Two posts in one day? Well, I have to catch up on missed time! And there's so much more to show you. Like the beautiful vineyard where the bride and groom went to get the wedding wine: It was such a beautiful day when we went and it was far enough out from the wedding still that the planning hadn't gone crazy yet so everyone really enjoyed themselves. Who would have thought that there would be such a neat vineyard right in the middle of New England?
And now I can finally show you the apron that I was working on for a surprise gift for the bride before we left. Oh how I agonized over this project! Not because it was *that* difficult (I just copied the pattern from the apron that Dan bought for me on our honeymoon in the Catskills [Hudson: the antiquing capitol of New York]), but because my machine was not cooperating with me. I guess that's what happens when you don't use it for a few years. The machine got a little pissy about how the knitting needles get all of the attention and decided to be difficult. But I took a deep breath, gave it a little love, cleaned out the major dust bunnies that were growing around the needle (how did this happen? I hadn't used it for years *except* for the flannel pants that I made for Dan for our anniversary in June this year!), and finally got the job done. It also seemed to work better once I vowed to get it properly cleaned and oiled after returning from the trip (note to self: find out how to do that). And to learn how to use it. Officially, instead of the "try me" syndrome that seems to work for me with knitting better than with sewing.
Anyway, here is the apron:
It was supposed to be a shower gift for the bride, but I didn't realize until after I had already started making it that it was to be a lingerie shower. Hmm. I didn't want to scrap my gift and I really didn't want to buy lingerie for the bride (I'm so not a lingerie girl...) so I thought about it... My conclusion was that an apron can be lingerie. I mean, who says that you have to wear anything underneath it?
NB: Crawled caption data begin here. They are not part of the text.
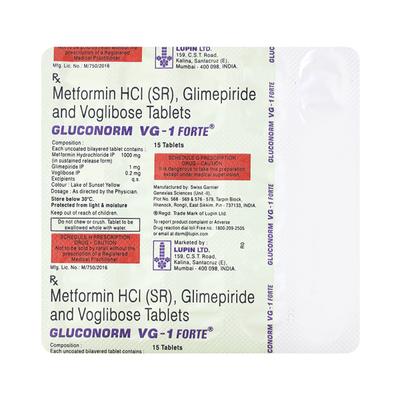 GLUCONORM VG 1 FORTE Tablet 15's - Diabetes-Ant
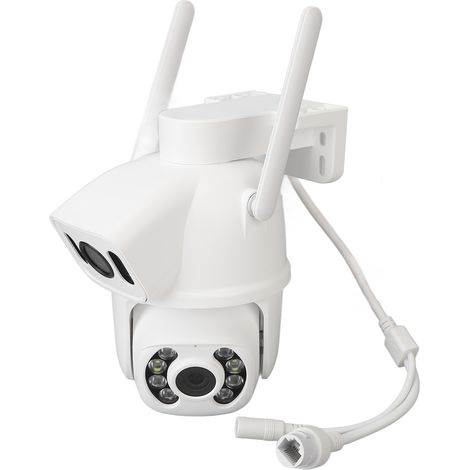 Caméra de Surveillance WiFi 6MP Double Objectif pour Intérieur et Extérieur, Détection de Mouvement et Vision Nocturne HD, Compatible Prise EU (1/5)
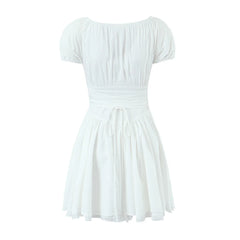 Lunivop Sweet Women Ruched Chest Fish bow Waist Corset Style Dress Short Sleeve Cross Bandage Lacing up Back Bodycon Mini Party Robe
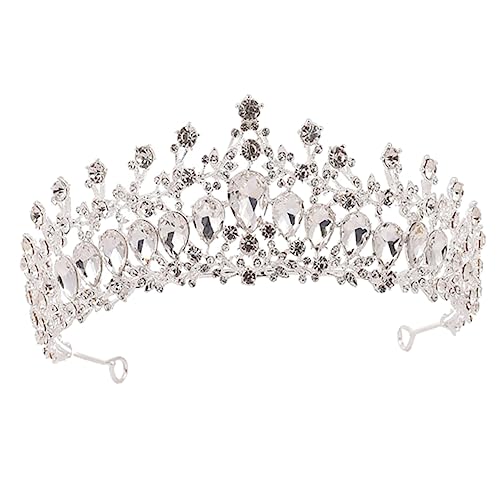 DEARMAMY Brautkrone für Damen Luxuriöse Haarschmuck Krone für Hochzeiten Besondere Anlässe oder Abschlussfeiern Silber und Weiß Accessoire für Brautkleider von DEARMAMY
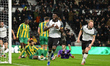 Patrick Agyemang of Derby County celebrates after scoring a goal to make it 1-0 during the...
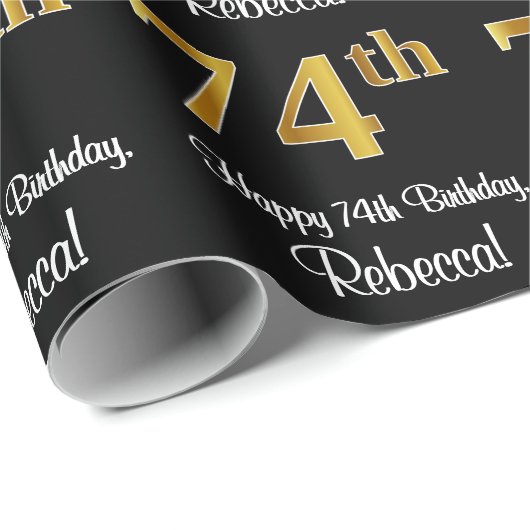 74誕生日:豪華エレガントなフェイク金ゴールドルック# ラッピングペーパー (ロールコーナー)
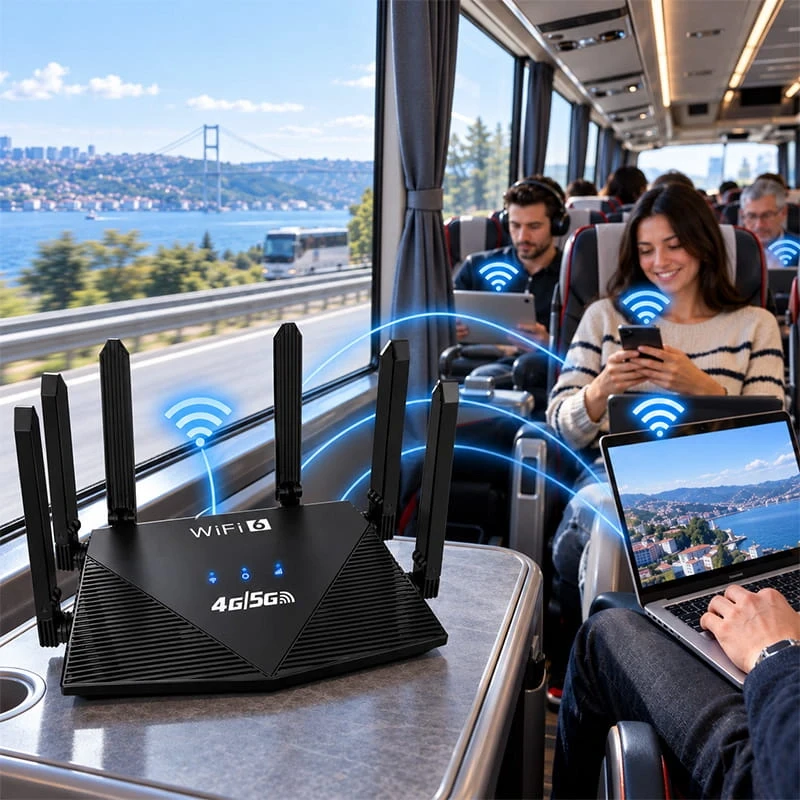 4G 5G SIM Kartlı WiFi 6 Router Modem 300 Mbps 2.4 GHz Kablosuz İnternet Dağıtıcı Taşınabilir Modem 6 Anten İle Çok Güçlü Sinyal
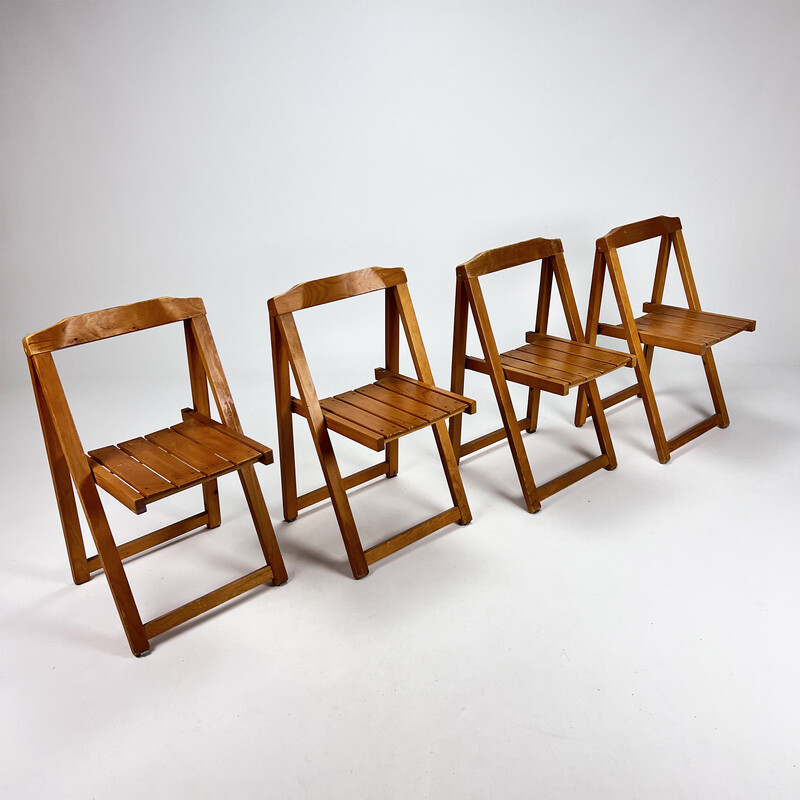 Vintage Italian birchwood folding chairs, 1970s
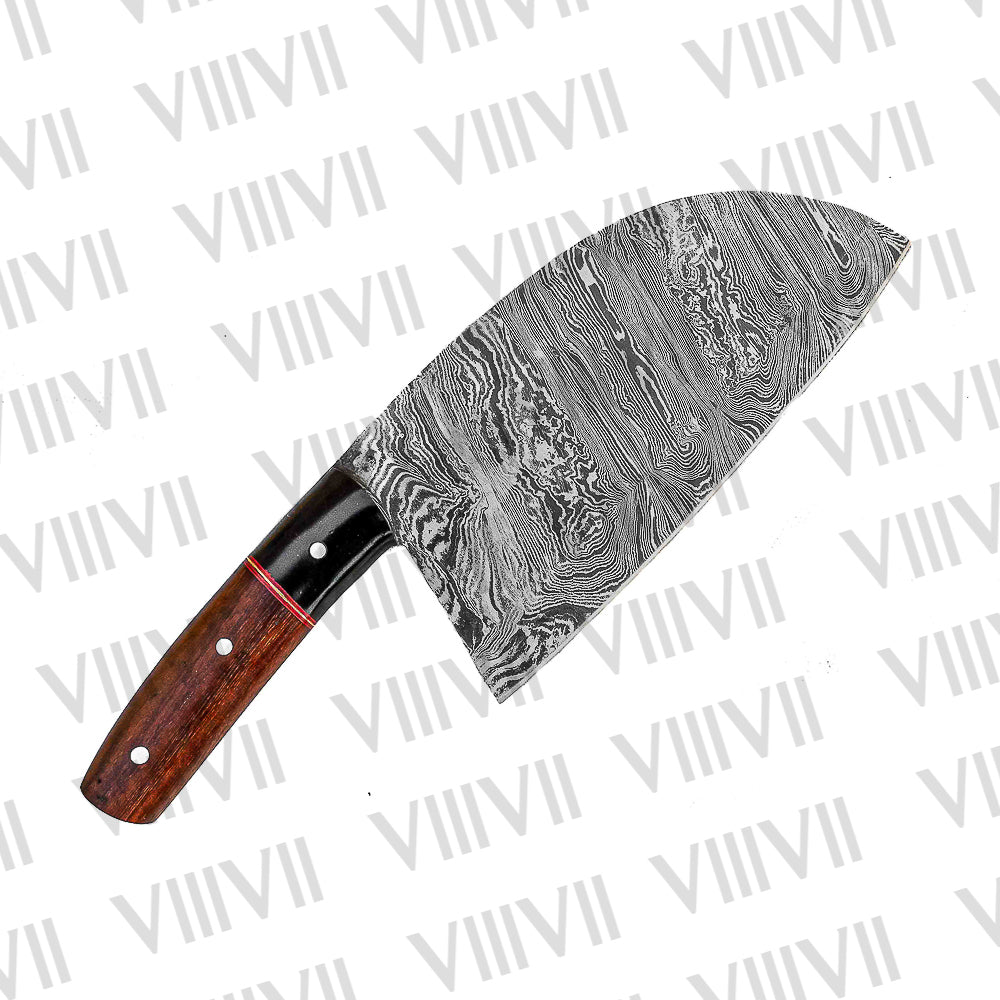 Damascus Steel Serbian Cleaver with Red Padauk Handle and Leather Sheath Hand Forged Full Tang Kitchen Knife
Now for bringing the post back to the G-rated category (come on back with me, get your filthy minds out of the kitchen). Here's another photo to show you:Why am I showing you yet *another* photo of my son? Because he looks like me in this photo! Finally! Sure, I had to turn it black-and-white so as to "turn off" those electric blue eyes he got from his Daddy...and sure, he's in the bath so his hair is wet and therefore more closely resembles his Mom's black hair than the blondy/reddy tints he usually sports...but come on! Those who know me must agree. Those bug eyes totally come from me (not the color, we've already established that), and the eyebrows and the lips...he's my boy!
And finally, I have this to show you:Why am I showing you this toy, you ask? This adorable little baby teether rattle ring? This rattle ring that Jackson's Grandma bought for him that he totally adored? Because I want you to see what our world has come to. Because this innocent (annoying, yes, but still innocent) little toy was TAKEN AWAY FROM HIM by the TSA on our trip home. You see, we traveled during that recent scare with liquids and planes. It seems that this toy fit into the "possible terrorist bomb-making material" category because one of the keys contained a bit of liquid. They confiscated his pear juice too even though the airport told us we could have juice for the baby if the baby was present. Don't we all feel safer now?